You can optimize your searches by using the most common search techniques. Most search services have a "help session" or an on-line tutorial where they explain which search techniques could be used and how to use them. Common search techniques are boolean search, phrase search  and  the usage of truncation and wild cards.

Always evaluate the material you found and question whether the information is correct - examine the sources critically, for example the authority and actuality of the material. Remember to save your searches and the references/material you find during the search process.

Checklist

No matter where you may have retrieved information from, it is important to have a critical approach towards your sources. Remember that information found on the Internet can be published by basically anyone, so you might have to pay extra attention to the critical evaluation of those sources.

To evaluate your sources, take into consideration the following questions:

WHAT does the material contain? (accuracy & coverage)

Reliability: To which extent is the information credible and accurate? To evaluate the reliability, your own experience and knowledge as well as the source's reputation plays an important role. Does the source have fact checkers or editors?

Relevance: How relevant and/or useful is the material for your needs? Which topics are covered, and to what depth?

References: Which other sources has been cited in the work/material?

Scholarly: Is it a scholarly text or popular science?

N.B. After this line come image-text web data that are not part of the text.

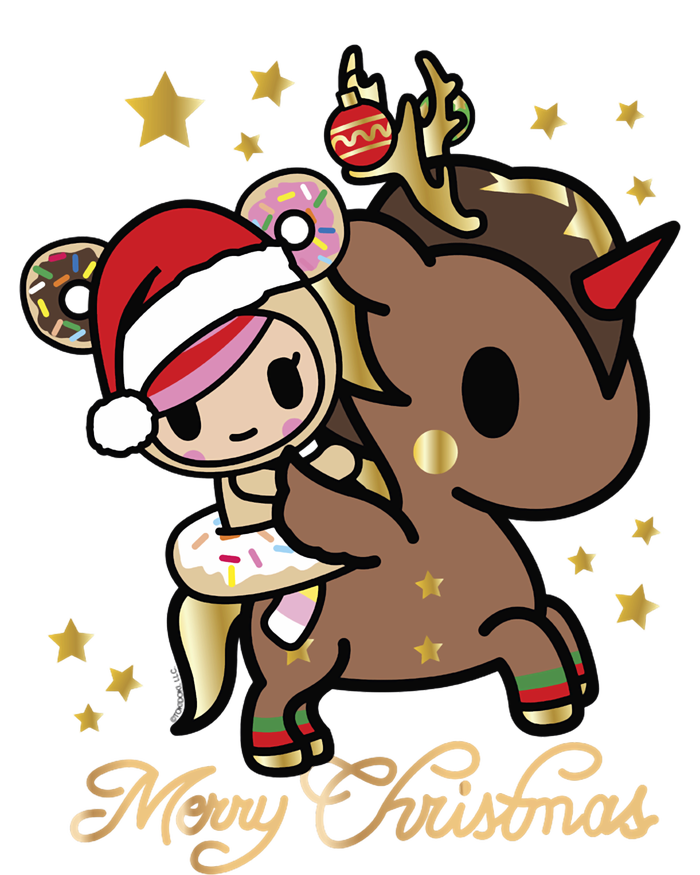 Tokidoki Christmas Merry Christmas Donutella Naughty Or Nice Long Sleeve Softstyle Adult Sport Polo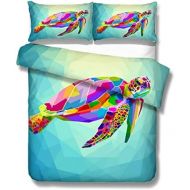 DANNI Turtle Boy/Kids Bedding Set 3D Digital Geometric Pink/Blue/Yellow/Purple Rainbow Colored Sea Turtle 3 Pieces King Duvet Cover Twin Full Queen (Sea Turtle-Blue,US Full)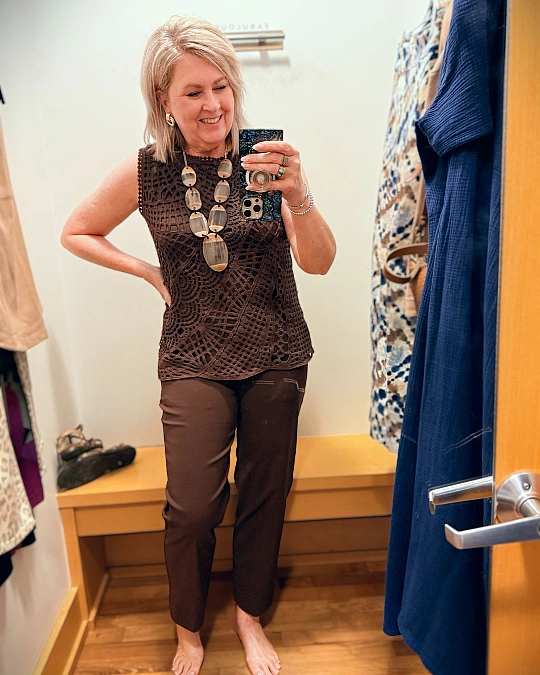 Chocolate Crochet With Straight Pants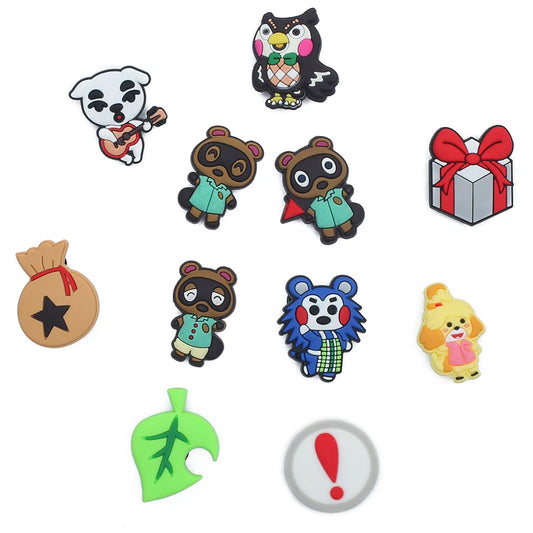 Animal Crossing Shoe Charms Set – 12-Piece Kawaii PVC Accessories for Clogs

Target audience: Who is the intended audience (scholars, school children, general public, et cetera)?

WHO is communicating the information? (authority)

Author: Is the author well known in their field of research? Does the author have academic legitimacy? Has the author been published before? Is there any way to contact the author? In short - what are the author's qualifications for writing on the subject?

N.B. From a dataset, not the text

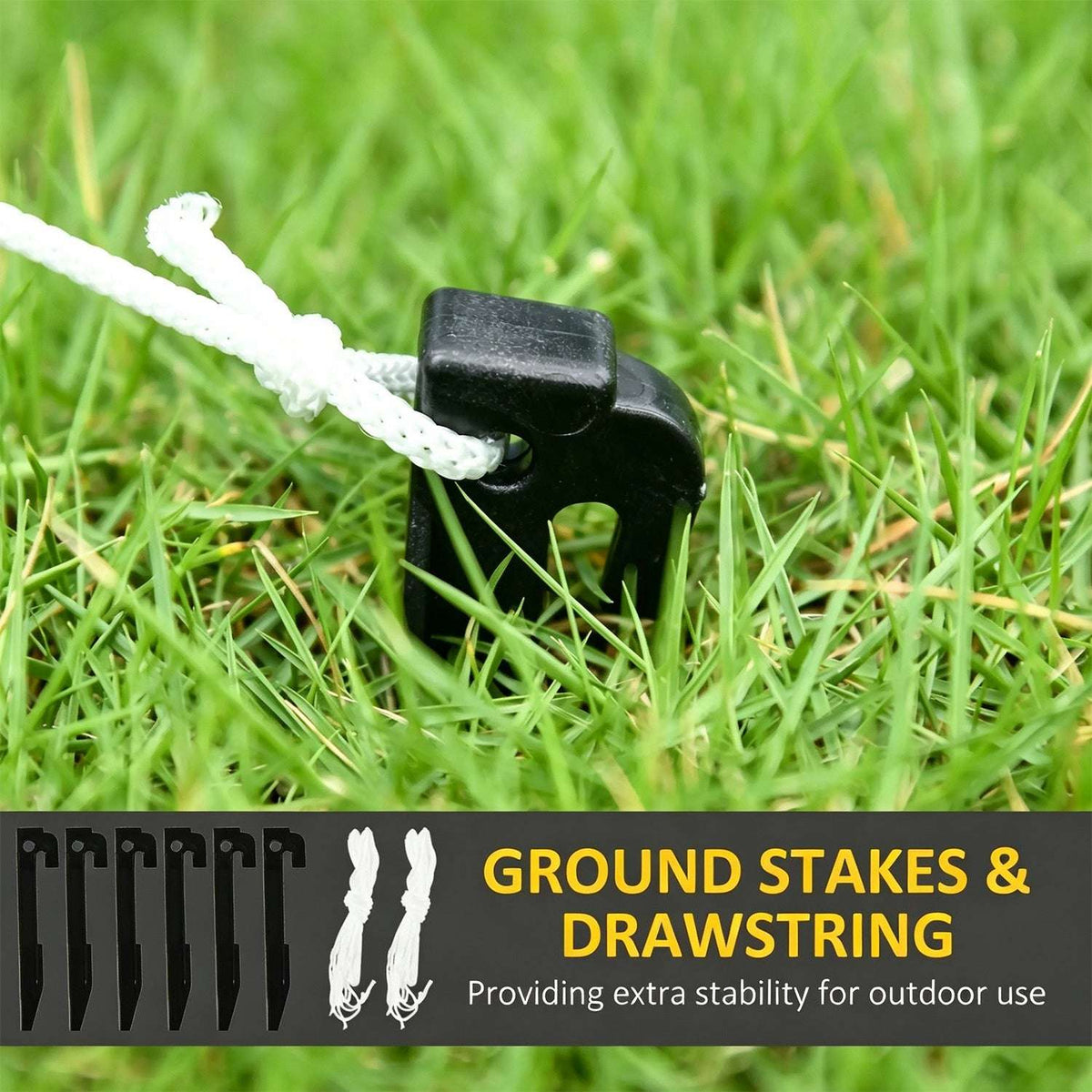 Ground stakes and drawstring for securing the inflatable gingerbread house outdoors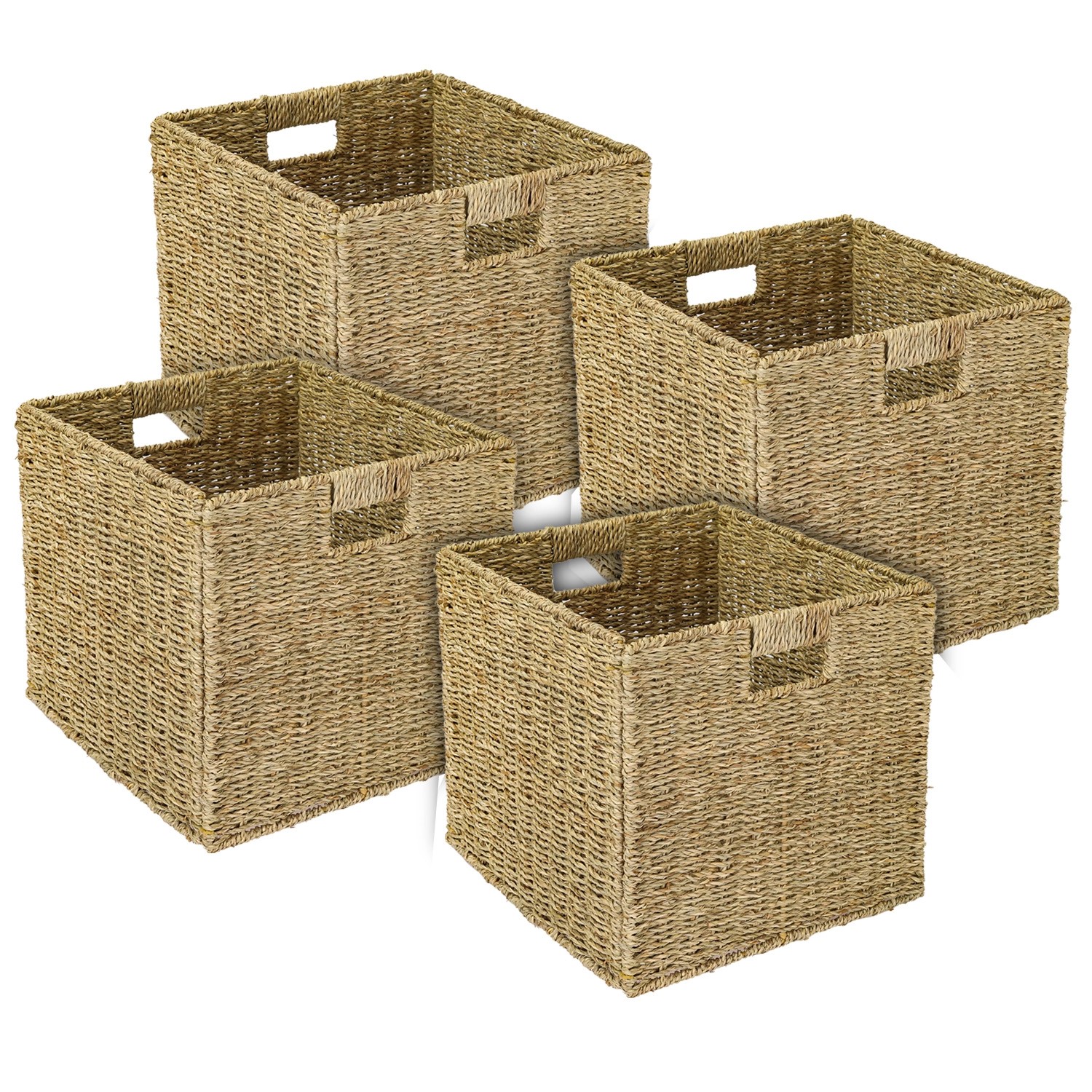 HMF Aufbewahrungskorb Korb Geflochten Seegras Kallax 32 x 34 x 32 cm 4er Set HMF Aufbewahrungskorb Korb Geflochten Seegras Kallax 32 x 34 x 32 cm 4er Set von HMF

Publisher: Who is responsible for the information - a company, an agency,  an organization or an individual? Any contact information? Serious publishers often clearly express who they are and what they do. How reputable is the publisher? 

WHY was the material published? (objectivity)

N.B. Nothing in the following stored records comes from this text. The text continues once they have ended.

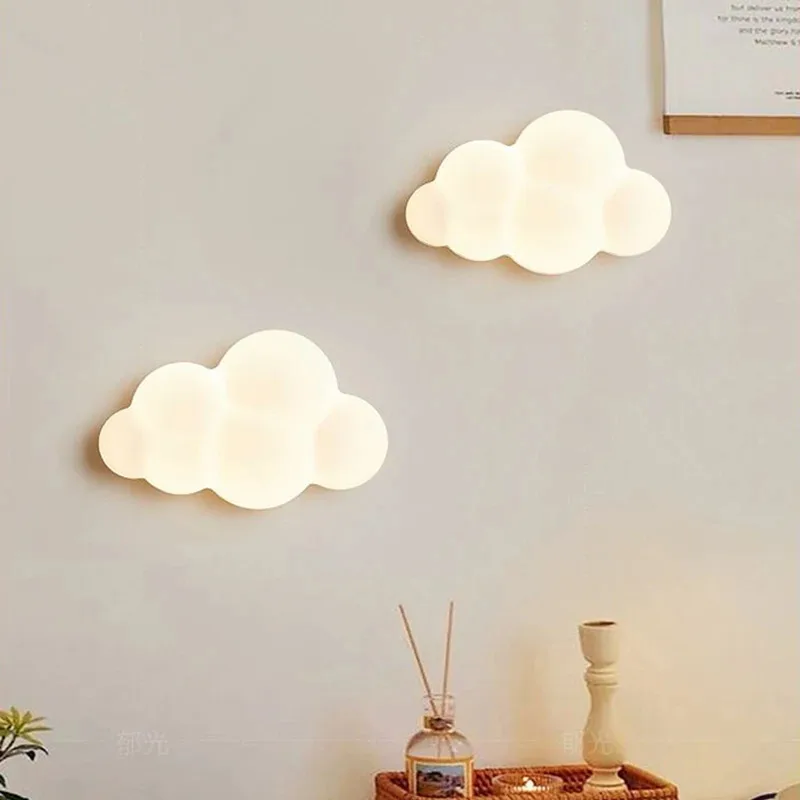 Baby Nursery Knobs - White Cloud Wall Lamps for Children's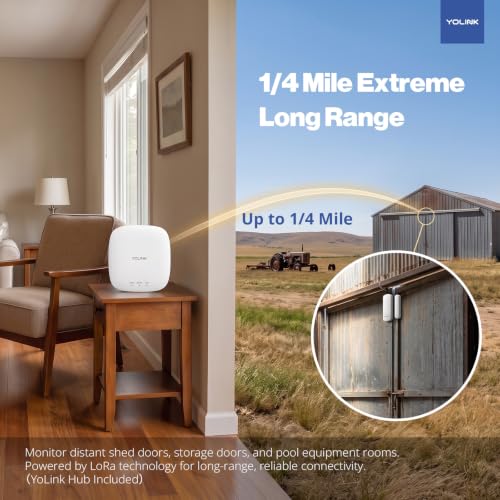 YoLink LoRa Smart Door Sensor Starter Kit: - 1/4 Mile Open-Air Range, Door Left-Open Reminders,5 Years Battery Life, SMS/Text, Email & App Alerts, Alexa, IFTTT, Home Assistant - Image 5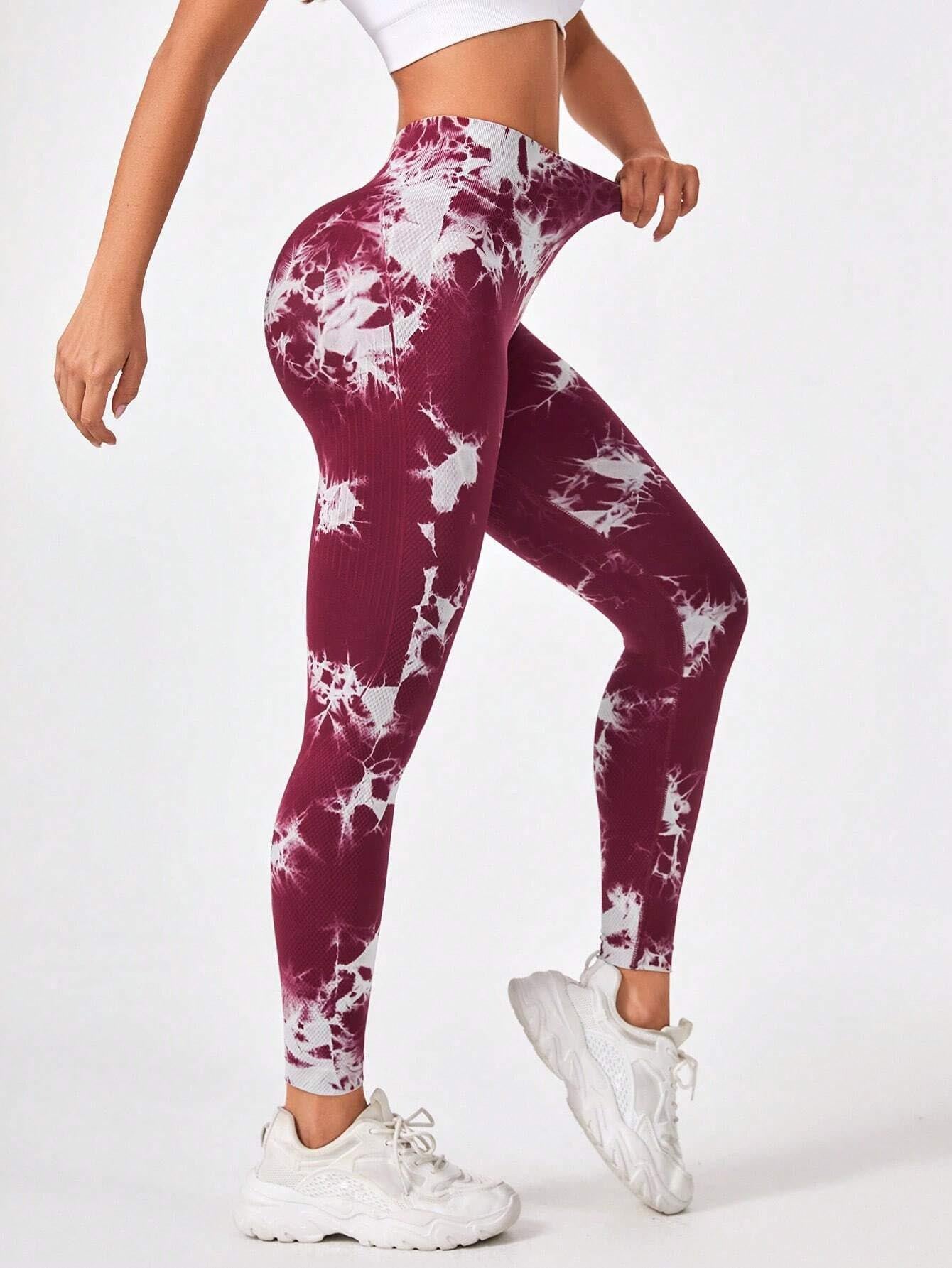 Seamless Ruched Booty-Lifting Tie-Dye Leggings – High-Rise, Flexible & Squat-Resistant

Purpose: What is the purpose of material or document? Inform, present research, disseminate views, entertain, sway the opinion of the audience...? Is the information presented with a minimum of bias?

WHEN was the material produced or written? (currency)

Up to date: When was the text written? Is the material enough for you topically? Is the publication or web page dated? Updated? If the date is included it may have various meanings: date first created, date placed on the web or date last revised.

Combine search terms - Boolean logic

It´s easy and logic to combine search terms using the words AND, OR and NOT, also called boolean logic or boolean operators.

In databases and search engines you can often combine these by choice, in drop-down menues, but sometimes they can be pre-defined.

Boolean logic works like this:

Search techniques

Truncation

Truncation means that you replace the end of a word with a sign, usually the * sign, alllowing you to search everything starting with a certain stemming.

Example: 

If you write socio* you get sociology, sociological, sociopath etc.

Phrase search

You use phrase search when you want specific words to appear in a specific order. Most databases mark phrases with quotation marks "" before and after the phrase.

Examples: 

"climate change" gives hits for this phrase, but not for the words in other contexts like changes in the climate generally.

"Karl Marx" gives hits for this specific name in this specific order, but not for the Marx brothers or other persons named Karl.

Field search

Databases are constructed by entering data in different fields. There are author, title, year and abstract fields (and many more). You can use these fields for limiting your search.

Example: 

When searching for Michel Foucault you can choose the author field for finding articles by Foucault himself, the abstract field for finding articles mentioning him or the title field for finding articles where he is a prominent figure.